Dashboard screenshots lifted directly from the product were being used as marketing visuals. Complex, data-heavy UI that overwhelmed visitors rather than helping them understand the value. There was no consistent visual language around features, no visual patterns that gave a prospect confidence.
The positioning was also off. The site led so heavily with sustainability that the core travel management product got buried. It read more like a campaign than a software platform, and sales were hearing the same objection from prospects: they didn’t trust it was a real, enterprise-ready tool. Brand trust was being undermined by the very messaging meant to differentiate it.
A previous agency refresh had tried to modernise the look, but the changes were surface-level. New colours that ended up feeling harsh and playful rather than premium. The visual language and underlying narrative hadn’t changed.

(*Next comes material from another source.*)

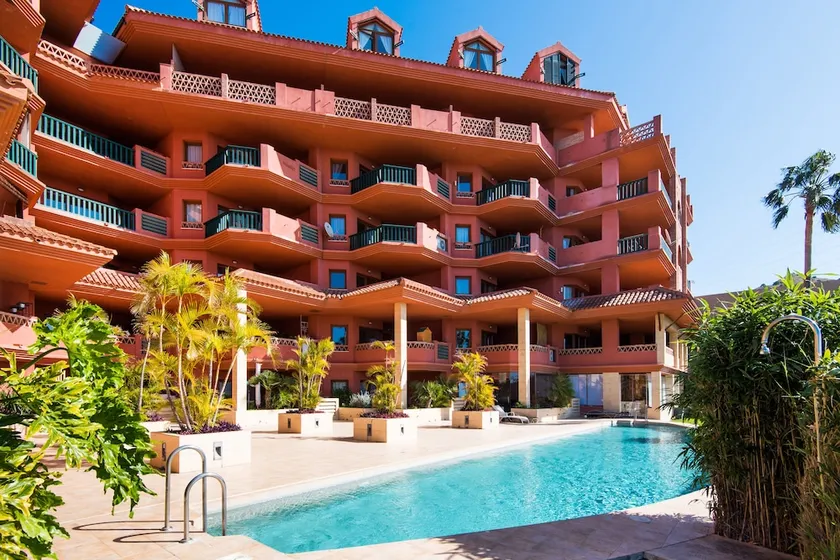 Rentandhomes Altos del Higueron Sea View - Image 1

Stakeholder conversations across marketing, sales, sustainability, and CS helped map the competing priorities. Each team had a different angle, and part of my job was establishing a hierarchy that could serve all of them.
Approach
I started with wireframes to define structure and hierarchy across pages before touching visual details. This helped align stakeholders early and kept decisions grounded in content and user flow rather than aesthetics.

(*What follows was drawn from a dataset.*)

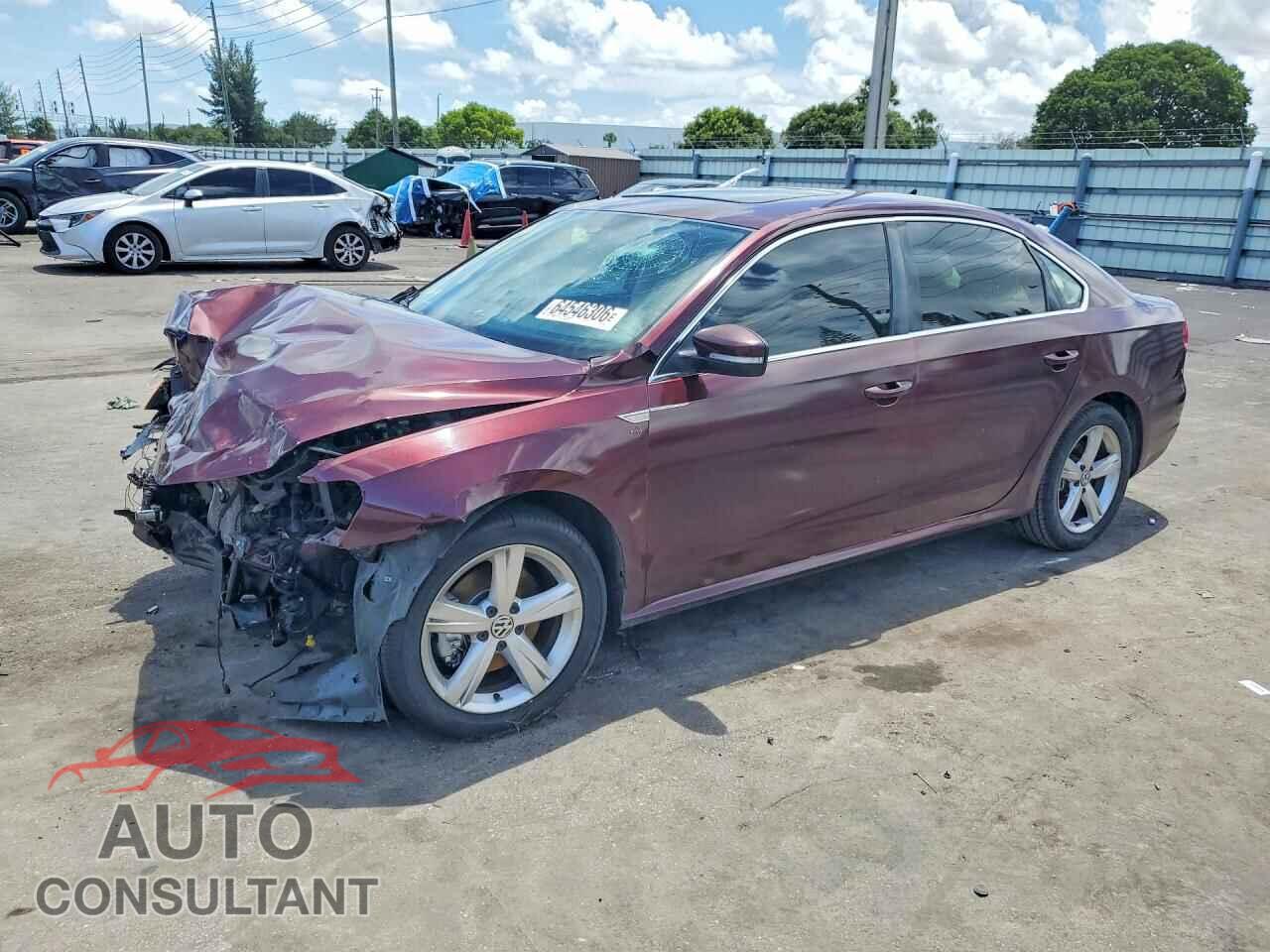 VOLKSWAGEN PASSAT 2013 - 1VWBN7A30DC089677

Mapping out the user flow early was critical. The site serves multiple audiences with different entry points and goals — a travel manager evaluating pricing, a traveller exploring the booking tool, a sustainability lead looking at ESG reporting. The navigation and page hierarchy needed to serve all three paths while converging on a single conversion goal: booking a demo.

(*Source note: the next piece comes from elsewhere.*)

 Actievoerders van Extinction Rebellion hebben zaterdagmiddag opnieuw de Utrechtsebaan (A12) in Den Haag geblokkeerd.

Competitive analysis shaped the direction. Most TMS platforms share the same visual patterns: cold, corporate, data-heavy. We made a deliberate decision to go a different way, building a visual language that felt more like modern B2B SaaS, where product clarity comes first and sustainability is part of the story rather than the headline.
Decisions were validated through internal reviews and user testing. A/B testing checked scannability and conversion, while Hotjar heatmaps and session recordings showed how users actually moved through pages, informing layout, content order, and calls to action.

Visual Direction
The visual direction focuses on clarity, hierarchy, and calm confidence. The goal was not decoration but a visual language that makes the value proposition readable at a glance and builds brand trust from the first scroll.
This meant designing layouts alongside visual metaphors and custom graphics that explain features simply, replacing raw dashboard complexity with conceptual visual patterns focused on a single feature narrative at a time. Aesthetics serve understanding and action.





Sustainability without Greenwashing
Previously the brand positioned sustainability first, travel management second. In this redesign I aimed to balance both: a tech-first travel product where sustainability is integrated across all flows, not added as a marketing layer.
Sustainability shows up in visual language, messaging, and product explanations without false claims or visual clichés. The goal was to rebuild brand trust around a product that genuinely delivers on both sides of that promise.
Accessibility & Performance
The website was designed to be fast, mobile-first, and accessible, following EEA and WCAG standards. Performance and readability were treated as part of the design quality, not technical afterthoughts.
Outcome
The redesign had a measurable impact. Time on site increased around 4x after launch, bounce rate dropped significantly across key landing pages, and hard conversions improved by over 200%. Navigation depth also increased, reflecting how much clearer the product story had become for first-time visitors.
Sales reported stronger prospect conversations after launch. With the product finally shown clearly and brand trust established earlier in the journey, the objections that had been slowing the pipeline became far less frequent.
The result is a site with clear visual language and consistent visual patterns: human, trustworthy, and premium, while communicating a complex product and supporting conversion across different audiences.
I owned UX and UI across the full website: layout and component system, visual language and interaction patterns, and custom graphics and illustrations.